Image-caption web data:
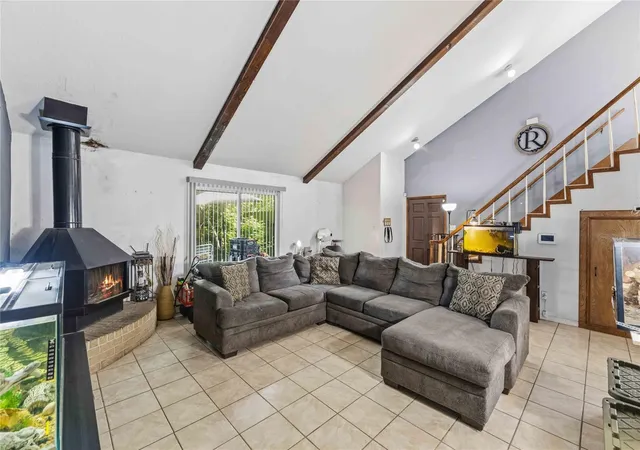 Photo 4 of Single family home for sale at 1114 Mustang Trl, Kingwood, TX 77339 | MLS# 15039805 | Listing updated on 2026-09-07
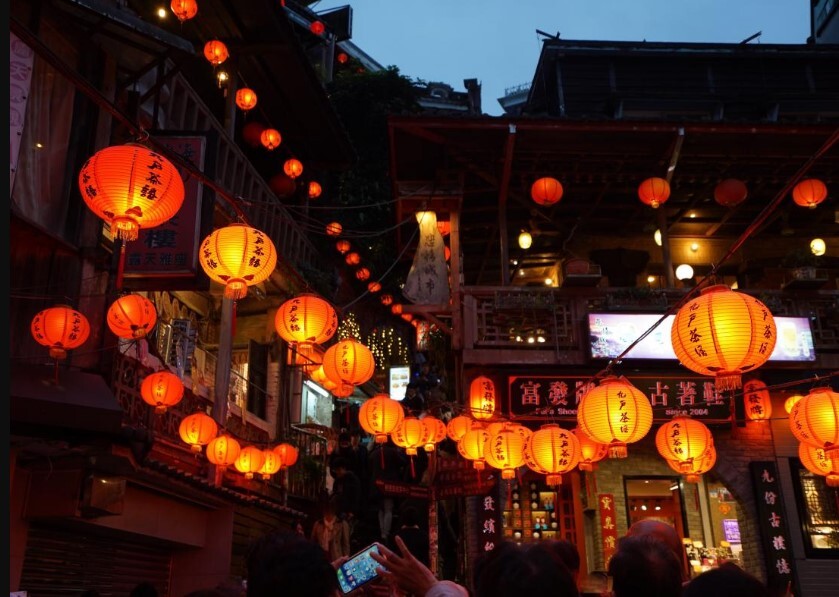 ノスタルジック九ふん  イブニングライナー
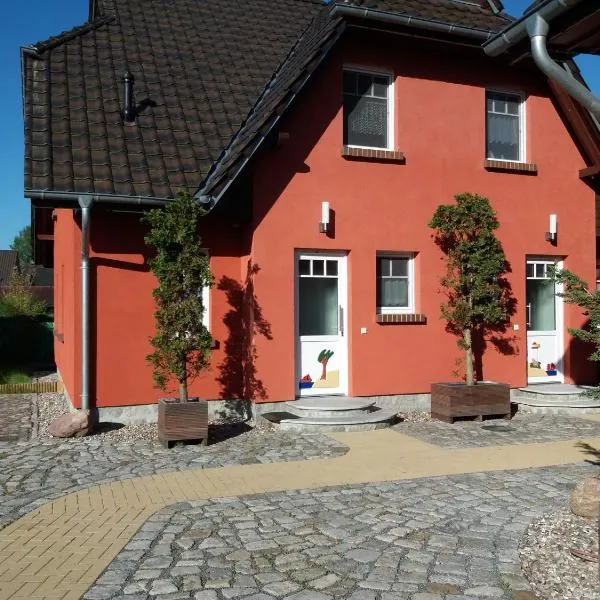Ferienhaus Segelboot Hirtenweg 3c, hotel v destinaci Zingst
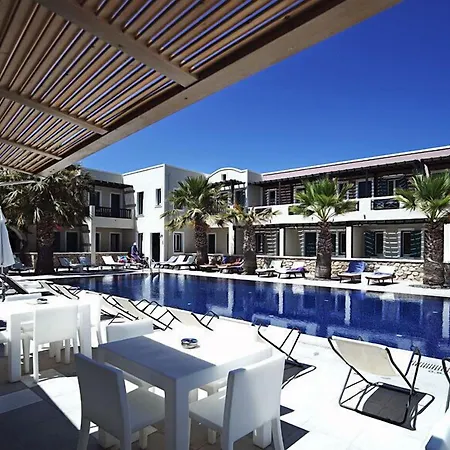 Rose Bay Otel 4*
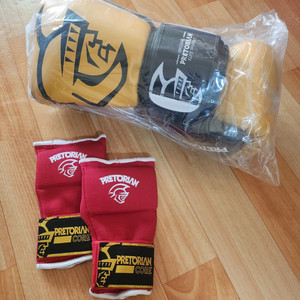 복싱 글러브(옐로) 3개 판매합니다.(이너글러브 포함)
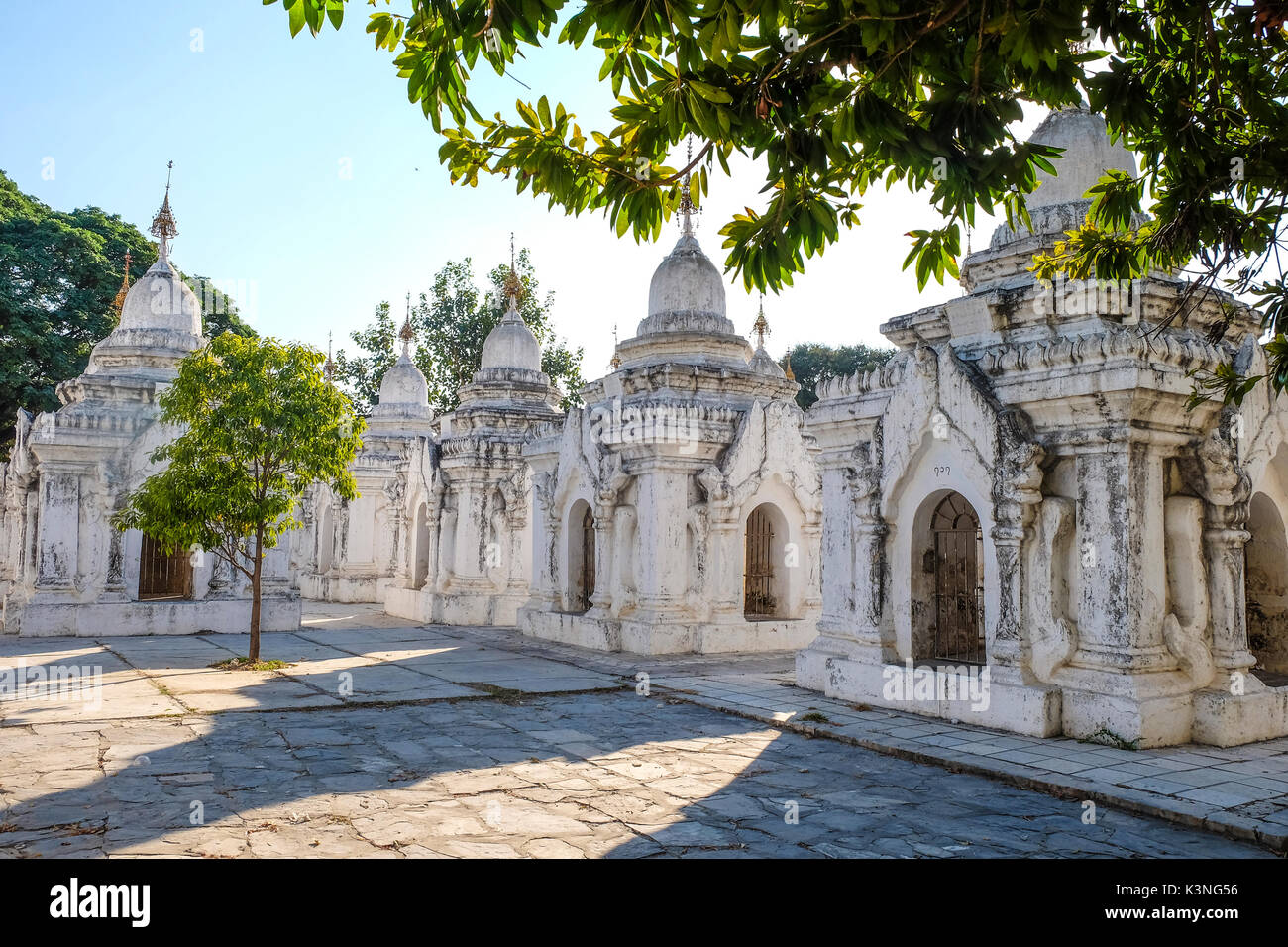 La Pagode Kuthodaw, la plus grande réserve Banque D'Images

* Problem description:
Starting at the line that contains "복싱 글러브(옐로) 3개 판매합니다.(이너글러브 포함)", reproduce each line exactly through the end of the entries above, leaving every picture out.

* Answer to the exercise:
 복싱 글러브(옐로) 3개 판매합니다.(이너글러브 포함)
 La Pagode Kuthodaw, la plus grande réserve Banque D'Images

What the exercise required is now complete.